During 8th grade, one of the required readings for my literature class was The Old Man and the Sea by Hemingway. I hated it. I dreaded reading it, writing about it and (to be completely honest) am not entire sure I even finished the book. If you know me and know anything about my literature consumption habits, you know that refusing to finish a book is a rare thing indeed.
Since that 8th grade misfortune, I've refused to have anything to do with Hemingway. Flat out refused to read any of his novels or show any real interest in his life as a historical figure. In fact, I'd go so far to say that I purposely have been openly critical and hateful toward Hemingway and his writings (all based on one novel read when I was 14).
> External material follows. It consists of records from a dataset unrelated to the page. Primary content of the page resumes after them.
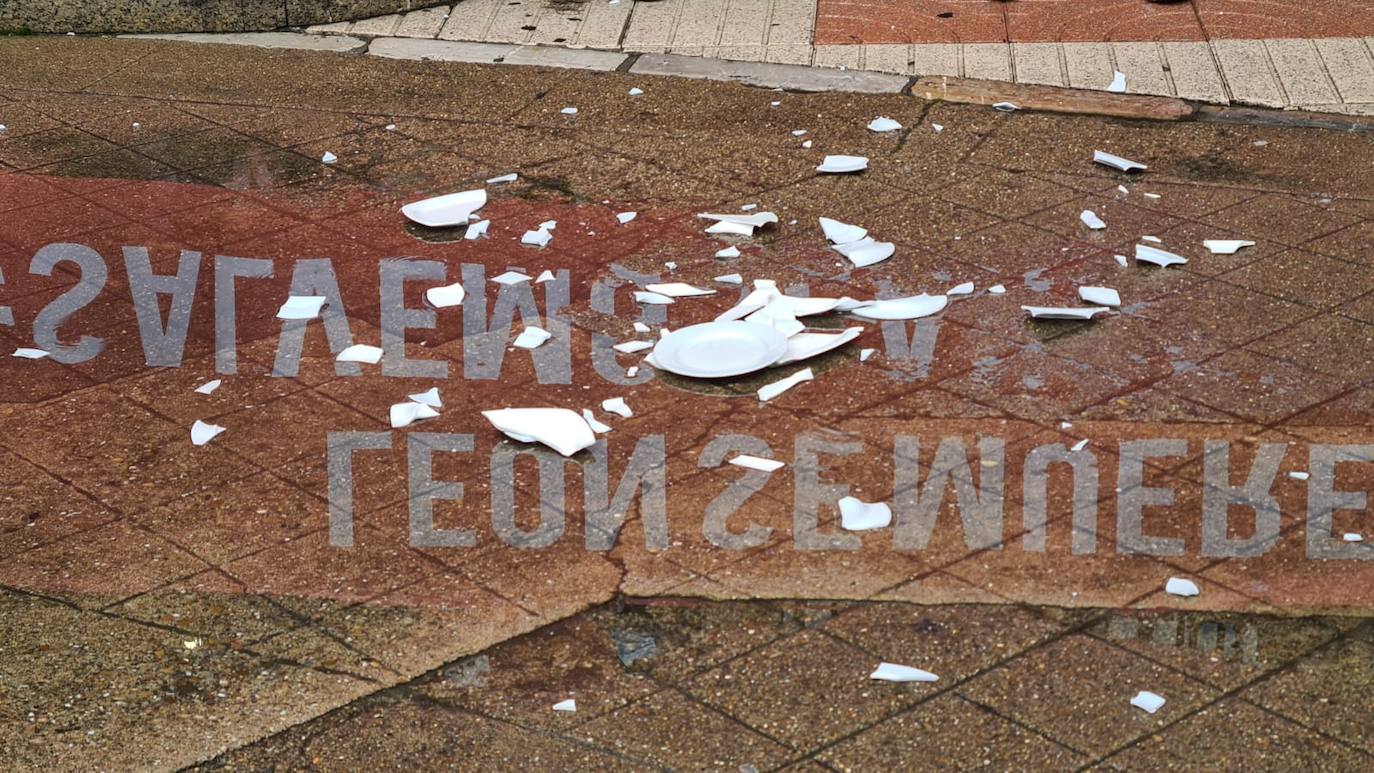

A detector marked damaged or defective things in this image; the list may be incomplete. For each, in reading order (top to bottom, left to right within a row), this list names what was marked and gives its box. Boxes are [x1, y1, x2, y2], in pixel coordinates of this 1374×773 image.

broken white plate [1104, 69, 1128, 92]
broken white plate [816, 154, 872, 173]
broken white plate [1096, 149, 1152, 171]
broken white plate [400, 189, 486, 228]
broken white plate [468, 219, 494, 240]
broken white plate [520, 226, 552, 247]
broken white plate [824, 216, 864, 243]
broken white plate [832, 235, 896, 268]
broken white plate [1136, 246, 1192, 266]
broken white plate [424, 280, 468, 308]
broken white plate [644, 282, 716, 298]
broken white plate [1080, 284, 1120, 306]
broken white plate [276, 296, 328, 320]
broken white plate [856, 294, 952, 322]
broken white plate [1020, 304, 1104, 320]
broken white plate [340, 344, 388, 364]
broken white plate [512, 326, 552, 350]
broken white plate [652, 322, 784, 378]
broken white plate [776, 324, 860, 364]
broken white plate [756, 368, 812, 404]
broken white plate [192, 420, 227, 444]
broken white plate [390, 404, 438, 428]
broken white plate [408, 390, 440, 408]
broken white plate [482, 408, 592, 456]
broken white plate [576, 410, 612, 434]
broken white plate [600, 396, 636, 420]
broken white plate [732, 456, 784, 474]
broken white plate [840, 494, 892, 532]
broken white plate [876, 664, 940, 680]
broken white plate [1136, 692, 1168, 716] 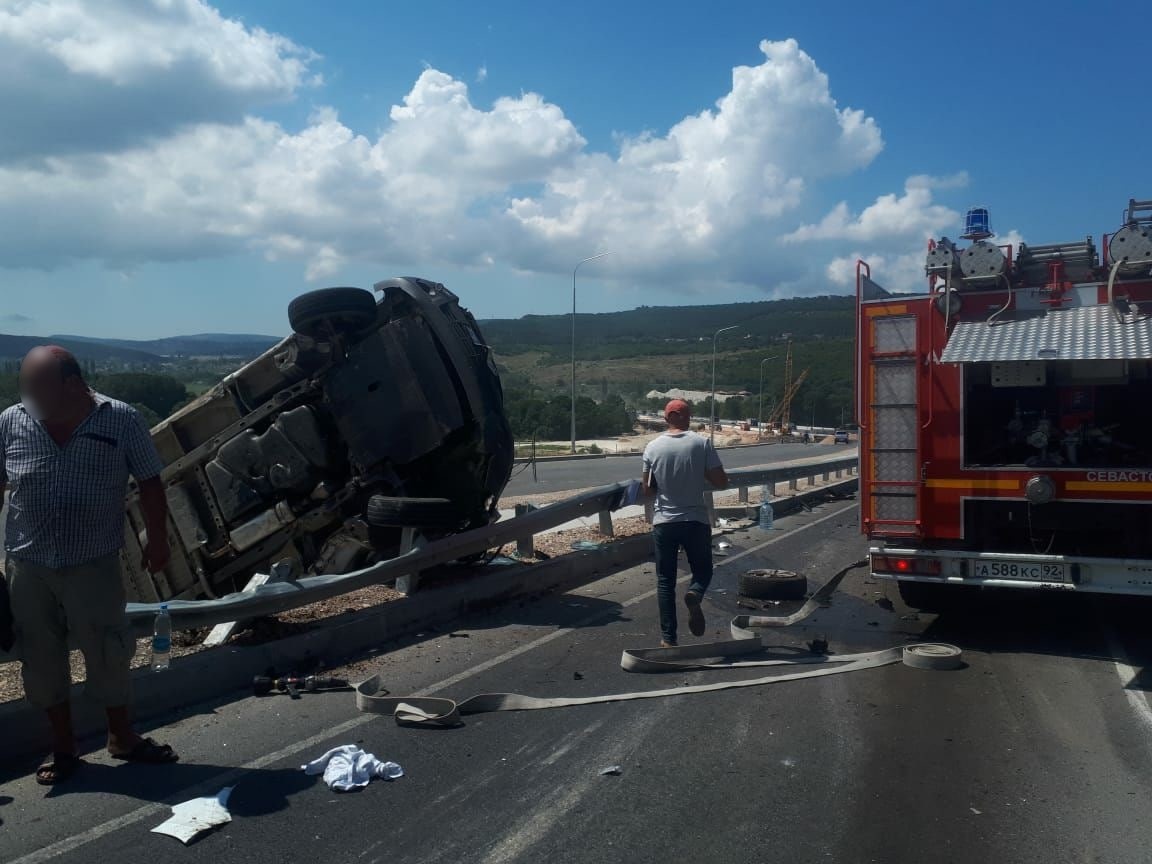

Weirdly, my life has paralleled his in many ways--at least in travel experiences. I've been to Havana (and am sure I insulted many a Cubano by telling them I was not interested in "Papa," and no, I didn't care about his damn six-toed cats), I've lived abroad in Spain (but refused to watch a bullfight), I've traveled to Kilimanjaro (though I failed to take home any big game animal heads).
Yet, the entire time, I adamantly maintained that Hemingway was an author I'd never read again.
And then a coworker and I started a conversation about books. His preferences tend more toward what I think of as *man-lit*--a combination of nonfiction and novels that appeal to men. But he mentioned Hemingway as one of his favorite authors. I laughed and told him I'd never touch a Hemingway book thanks to my 8th grade experience The Old Man and the Sea.
What a smug person I am. A day or two later, I found myself wandering the fiction section of the library again. I routinely do this--go to the library needing something to read but with no concrete ideas of actual books to take home. And then the idea occurred to me. I *could* check out a Hemingway novel.
After browsing the new releases but not finding anything inspiring, I settled for The Sun Also Rises. Short. Not too intimidating. I checked it out with low expectations.
I am a jerk. Clearly. I am willing to admit this publicly and openly.
All these years of my life, I've spent hating Hemingway, publicly denouncing my dislike for his writing and one novel, one short novel of his that took all of two days to read, felled me like a tree. I loved the story. Loved it.
I don't know if I was too young to appreciate his writing style, too immature to understand such adult themes in literature or maybe I've been a jerk my whole life. Who knows (although, I suspect the latter)? His descriptions of Spain's countryside had me reminiscing about riding through the countryside. The aimlessness of the characters floating through life abroad, the lost innocence, the effects of war on an entire generation, the drinking to suppress feeling the emasculation just resonated with me in a way I didn't expect.
All I know is this: I have given Hemingway another chance and I suspect it's a relationship that will last a lifetime.